Work instruction =>
Restate the data exactly as given and keep the pictures out.

───── Supplied material ─────

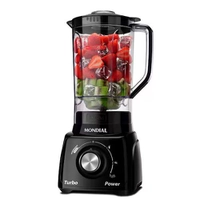 Liquidificador Turbo Power 550W 3 Vel. 220V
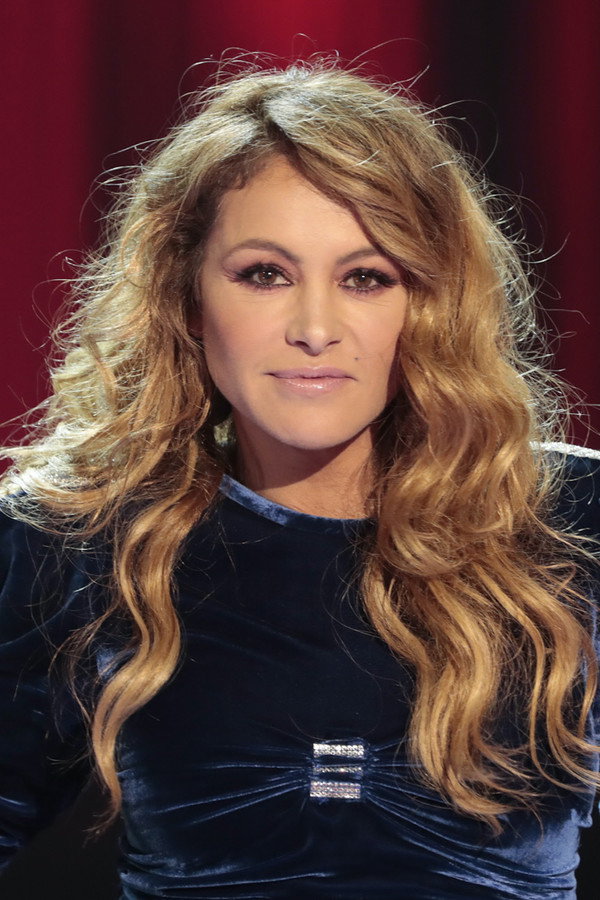 Paulina Rubio, actriz mexicana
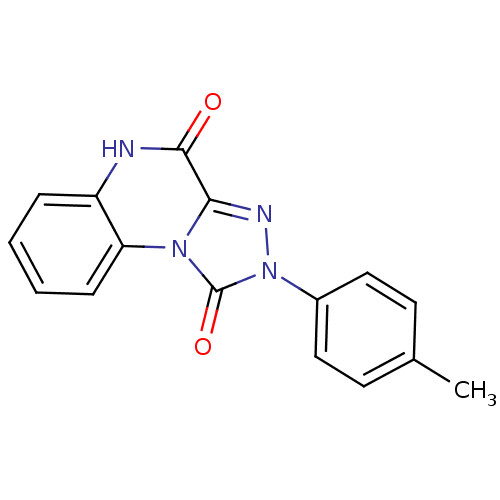 Chemical structure of BindingDB Monomer ID 50086137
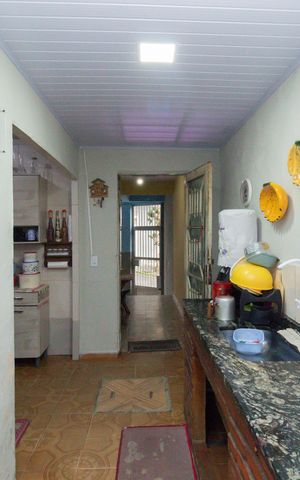 Casa para alugar com 300m², 3 quartos e 2 vagasCozinha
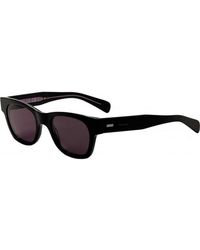Paul Smith - Highgate 51Mm Sunglasses Pssn097-001-51 - Lyst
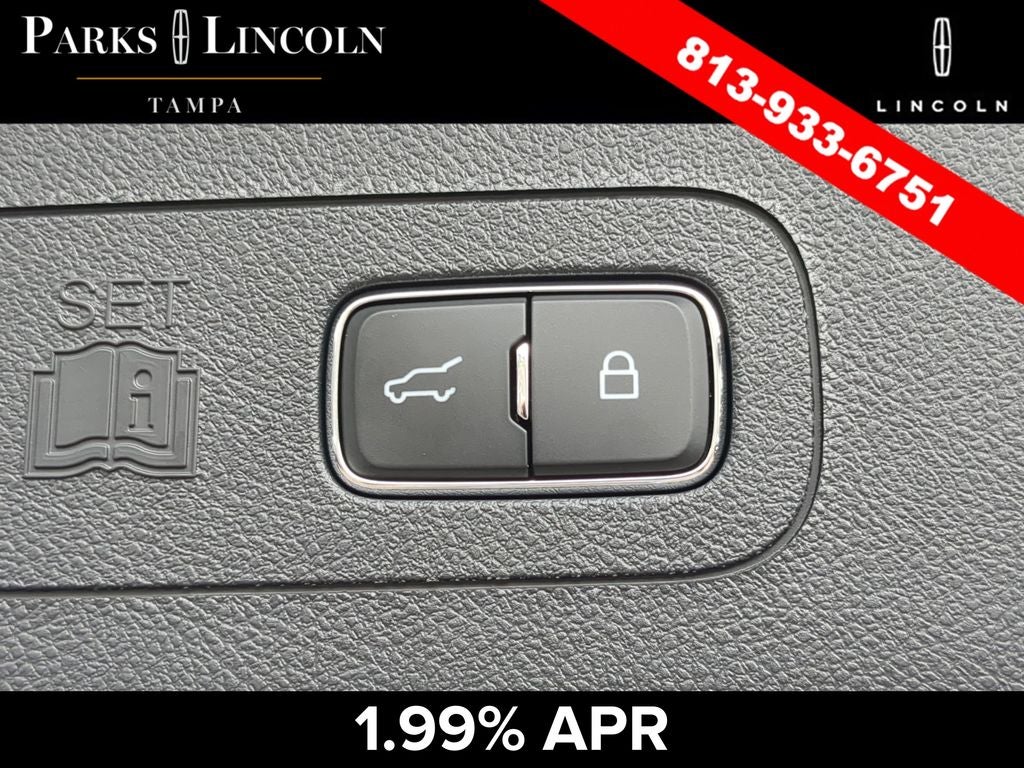 2025 Lincoln Aviator Reserve Premium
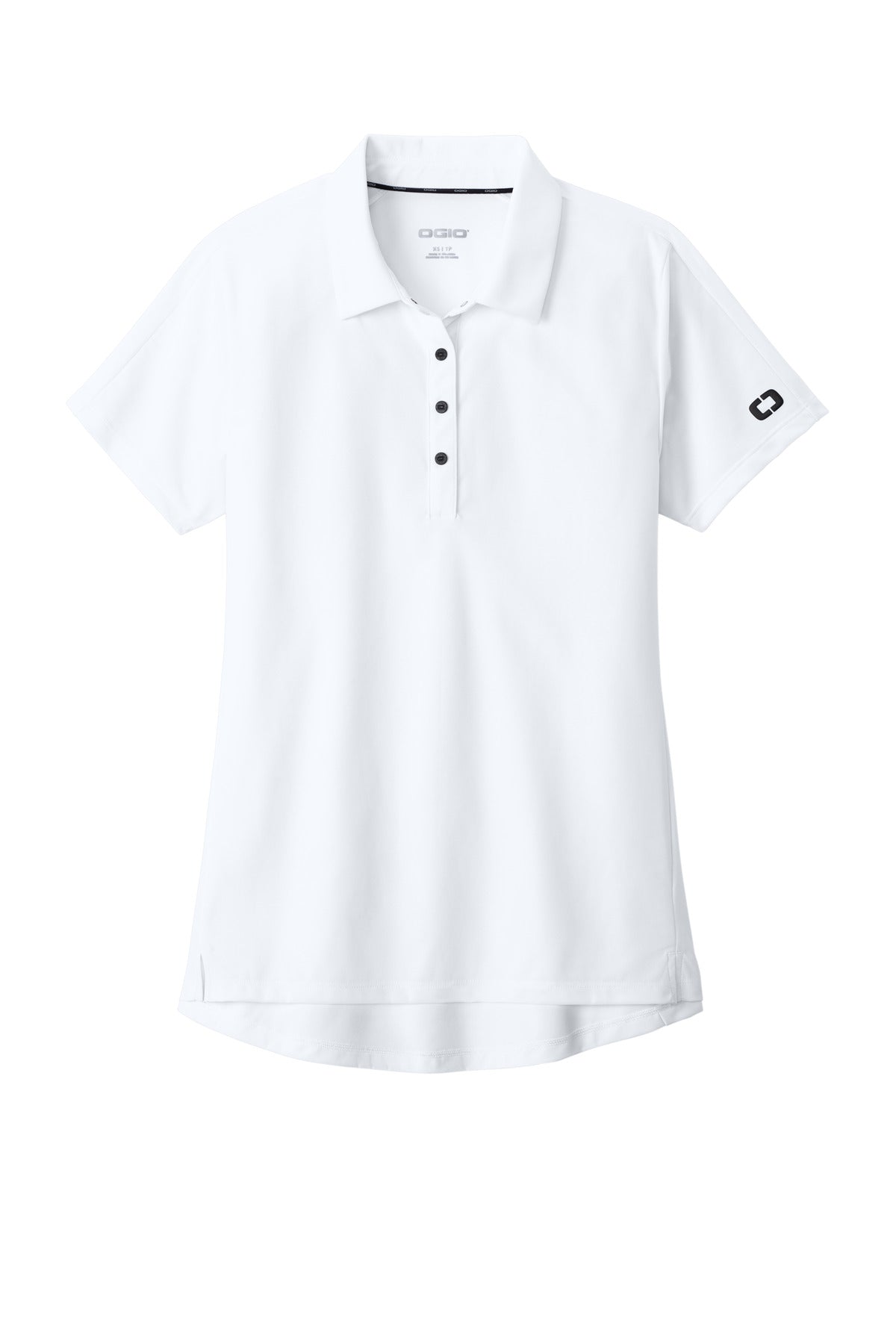 OGIO Women's Envision Polo - White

─────

Solution for this problem =>
 Liquidificador Turbo Power 550W 3 Vel. 220V
 Paulina Rubio, actriz mexicana
 Chemical structure of BindingDB Monomer ID 50086137
 Casa para alugar com 300m², 3 quartos e 2 vagasCozinha
Paul Smith - Highgate 51Mm Sunglasses Pssn097-001-51 - Lyst
 2025 Lincoln Aviator Reserve Premium
 OGIO Women's Envision Polo - White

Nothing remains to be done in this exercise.